C’est ce genre de décisions qui lui valut l’accusation de pratiquer un pouvoir personnel. Il exprima à sa manière, porté par sa fougue et ses ambitions, la tendance d’une partie importante du mouvement national à donner un sens à l’indépendance en tentant de réaliser les aspirations sociales des masses populaires. Son action, « brouillonne » ou « despotique », selon les qualificatifs que lui collèrent ses adversaires, créa une situation de fait qui rendit difficile la tentative de la droite du Conseil de la Révolution qui le renversera le 19 juin 1965 de revenir en arrière.
Bref, les actions « improvisées » de Ben Bella apparaissaient comme l’expression d’un égo démesuré aux yeux de ceux qui s’opposaient à lui. Mais quel est le dirigeant de la guerre de libération qui n’était pas mû par son "ego" ? Un "égo" d’autant plus exacerbé que cette guerre s’était terminée par une victoire éclatante sur la 4ème puissance militaire du monde. Le peuple algérien avait conquis par cette victoire un immense respect dans le monde.

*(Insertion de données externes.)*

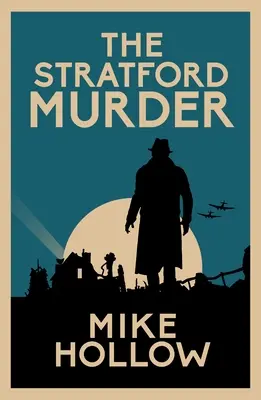 Morderstwo w Stratford - The Stratford Murder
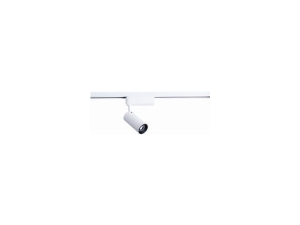 REFLEKTOREK NA SZYNOPRZEWÓD SPOT PROFILE IRIS LED 12W 950lm 3000K WHITE 9000 Nowodvorski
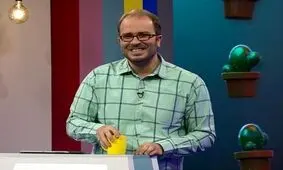 مجری پرحاشیه از صداوسیما کنار گذاشته شد؟


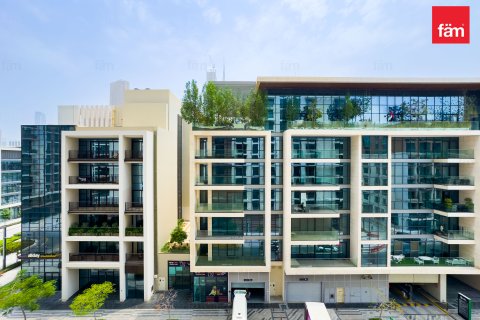 Leilighet til salgs i City Walk, Dubai, Emiratene 1 soverom, 73.9 kvm Nr. 758509 - Foto 21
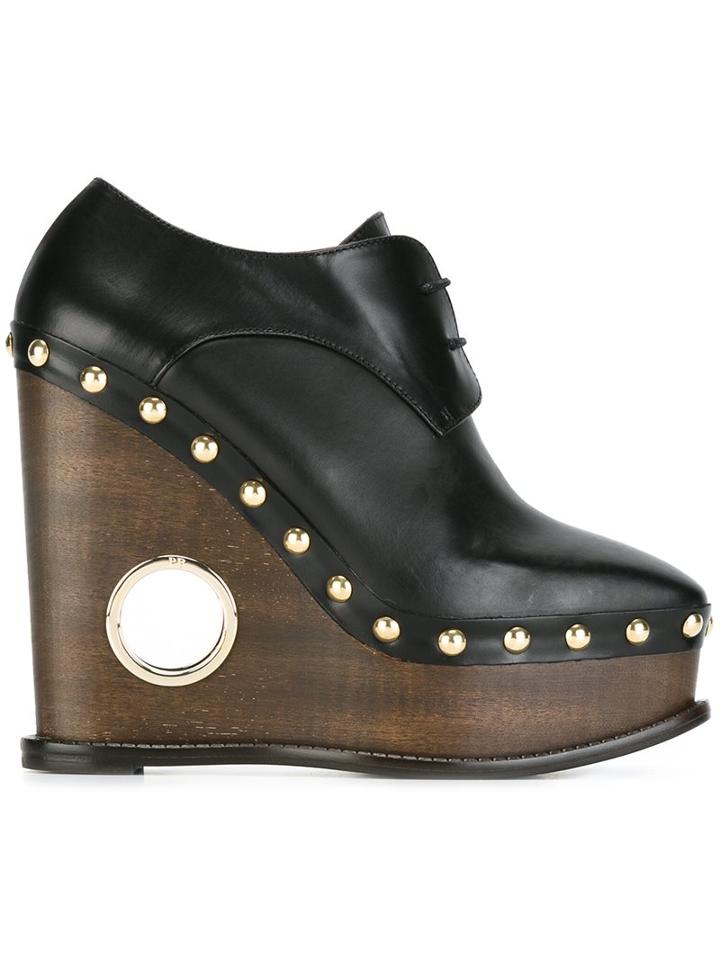 Paloma Barceló 'cadiz Chile' Pumps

Quel chef n’était-il pas grisé par son rôle, si modeste fût-il, dans ce succès ? Tous les chefs et ils étaient nombreux, la lutte de libération ayant été populaire au sens plein du terme, tous se bousculaient devant la porte de la présidence du pays. Chacun tentait d’écarter l’autre pour se mettre en avant. Les choix fondamentaux de société étaient relégués chez la plupart au second plan. Jusqu’au congrès de Tripoli de mai-juin 1962, le FLN du 1er novembre n’avait pas de programme pour l’indépendance. A l’exception de ceux qui se retirèrent de la course faute de troupes pour les appuyer, ce fut une compétition de tous contre tous, jusqu’au jour où la partie fut remportée par celui qui détenait les clés du succès et s’était montré le plus hardi et le plus habile dans la définition des tâches nouvelles, ou le moins scrupuleux moralement.

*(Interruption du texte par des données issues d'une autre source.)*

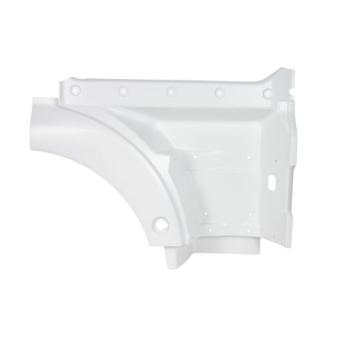 Marchepied PACOL MAN-FS-008R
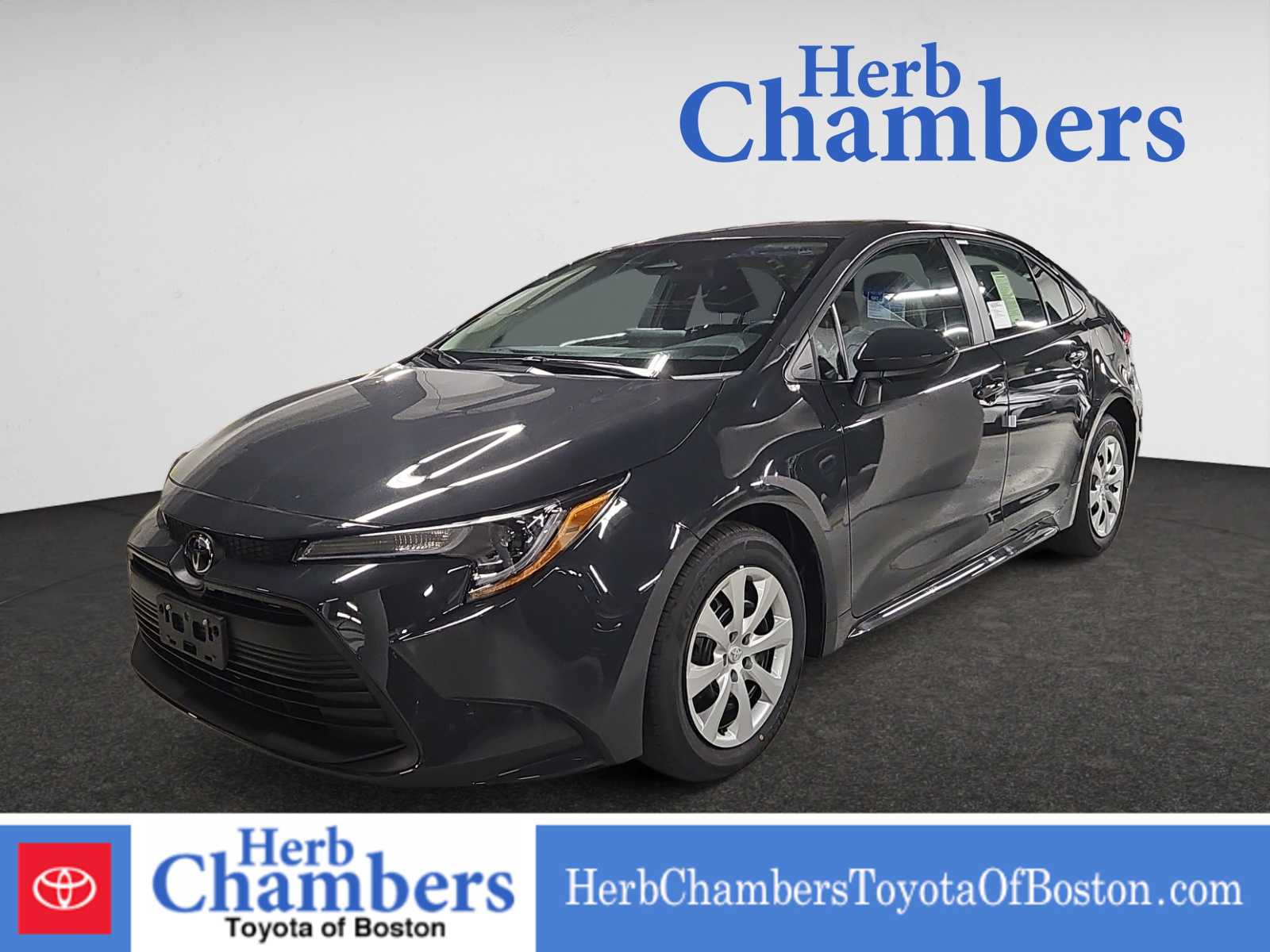 new 2026 Toyota Corolla car, priced at $24,394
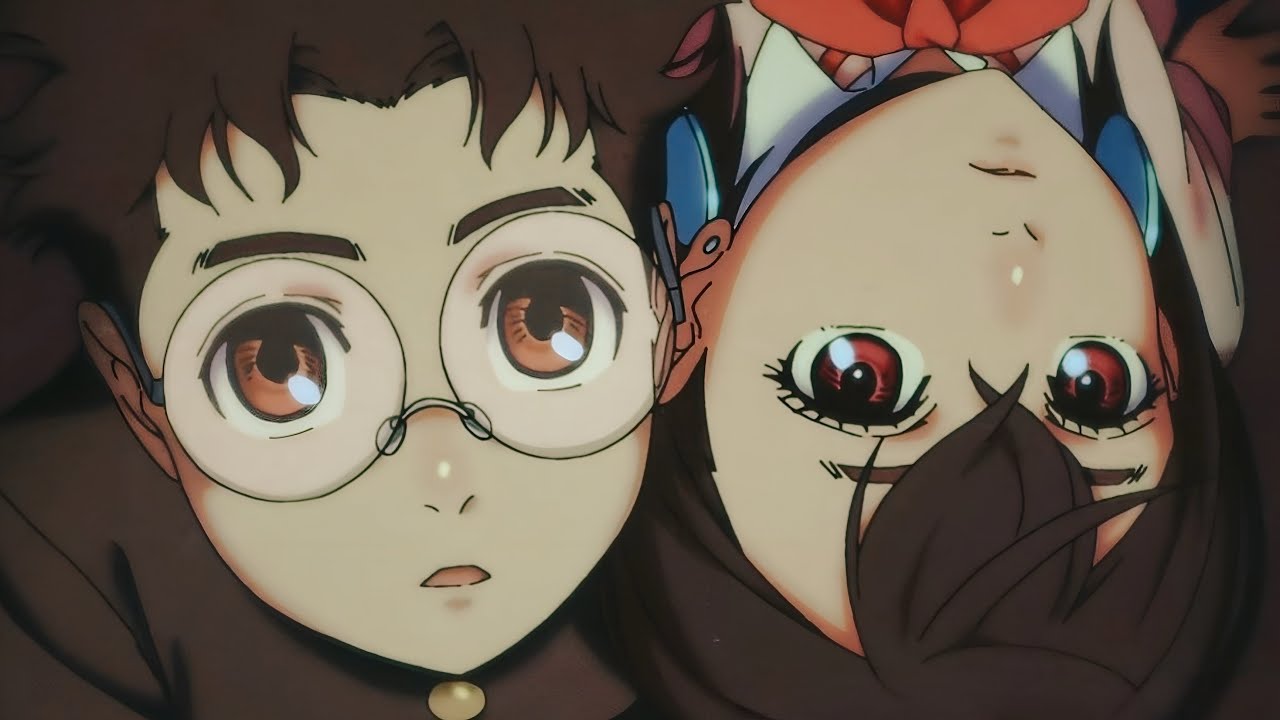 Løvesick & CHRIS RAIN - SUICIDE FERRIS WHEEL (sped up) {AMV EDIT}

Ce qui doit être pris comme critères de jugement, ce ne peut être l’ambition ou l’autoritarisme des uns et des autres, ou les seules méthodes employées dans la course au pouvoir, mais ce qu’ils firent réellement par leurs actes et leurs décisions en faveur de l’édification d’une nation économiquement souveraine, de la suppression de l’exploitation et de l’oppression, de l’instauration du pouvoir des travailleurs et des masses populaires, de l’affranchissement des peuples de la domination impérialiste à l’échelle mondiale.
Les querelles de personnes opposant les anciens compagnons de lutte reflétaient indirectement la lutte pour le choix de la voie de développement économique et social. La proclamation du 1er novembre 1954 l’avait éludé afin de favoriser le rassemblement du maximum de forces autour du mot d’ordre de l’indépendance par la lutte armée. Tel fut le choix des nationalistes qui avaient déclenché l’insurrection. La "discorde" de l’été 1962 ne fut que l’expression de la nécessité de combler une lacune produite par le fait que les circonstances économiques et subjectives n’étaient pas encore mûres dans le mouvement national pour trancher ce choix avant l’indépendance.

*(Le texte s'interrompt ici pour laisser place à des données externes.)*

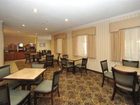 фото отеля Holiday Inn Express Kirksville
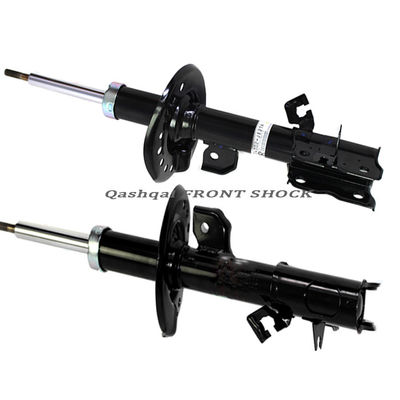 56210-JE21A Front Damper Dashpot Nissan Qashqai Component X-TRAIL J10Z T31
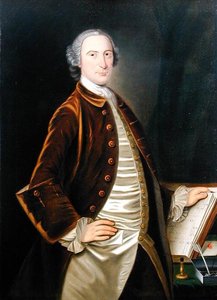 James Beckman da Lawrence Kilburn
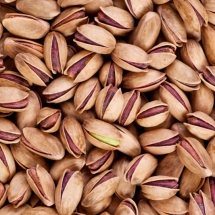 Iranian pistachio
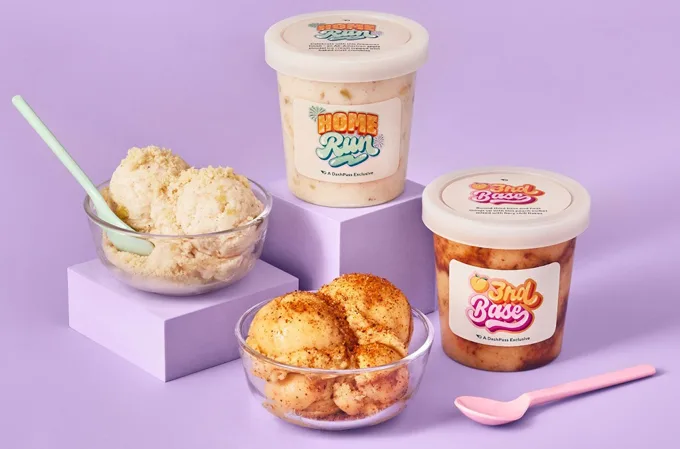 Score Bigg This Summer with DoorDash and Jason Biggs featuring the Sweetest DashPass Exclusive Yet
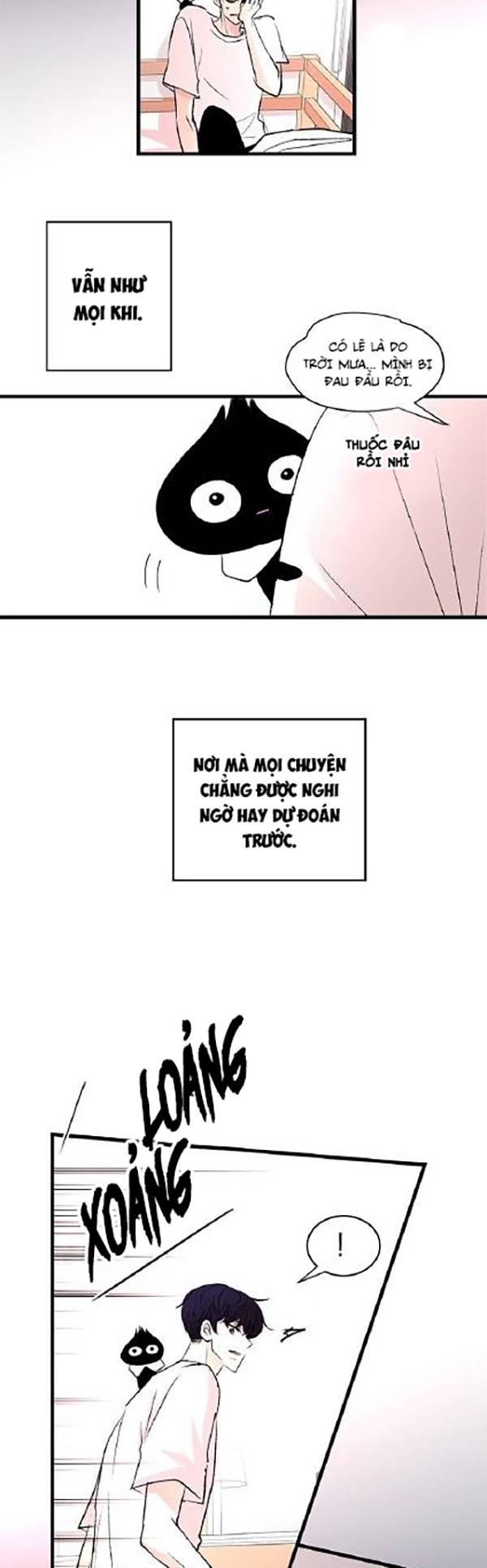 từng chút một chapter 11 2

Pour paraphraser Marx, la violence utilisée par les anciens frères d’armes, les uns contre les autres, joua le rôle d’accoucheuse de l’histoire du peuple algérien dans sa grande marche en zigzag et inachevée vers une société plus juste.
Aït Ahmed créé le FFS et se lance dans une insurrection armée insensée
Après l’adoption de la Constitution en septembre 1963 suivie de l’élection de Ben Bella comme président de la République, et juste après la démission de Ferhat Abbas, Aït Ahmed entre en dissidence. Il prend les armes en Kabylie et entraîne derrière lui d’anciens officiers et djounoud de l’ALN. L’affrontement fera couler le sang. Dans l’extrême confusion qui s’empare du pays, il sera exploité par ceux qui au fond n’approuvaient pas les choix économiques et sociaux inscrits dans le Programme de Tripoli mais n’osaient pas afficher leurs opinions tant elles allaient à l’encontre des aspirations anti-bourgeoises spontanées de la grande masse des travailleurs et de la paysannerie.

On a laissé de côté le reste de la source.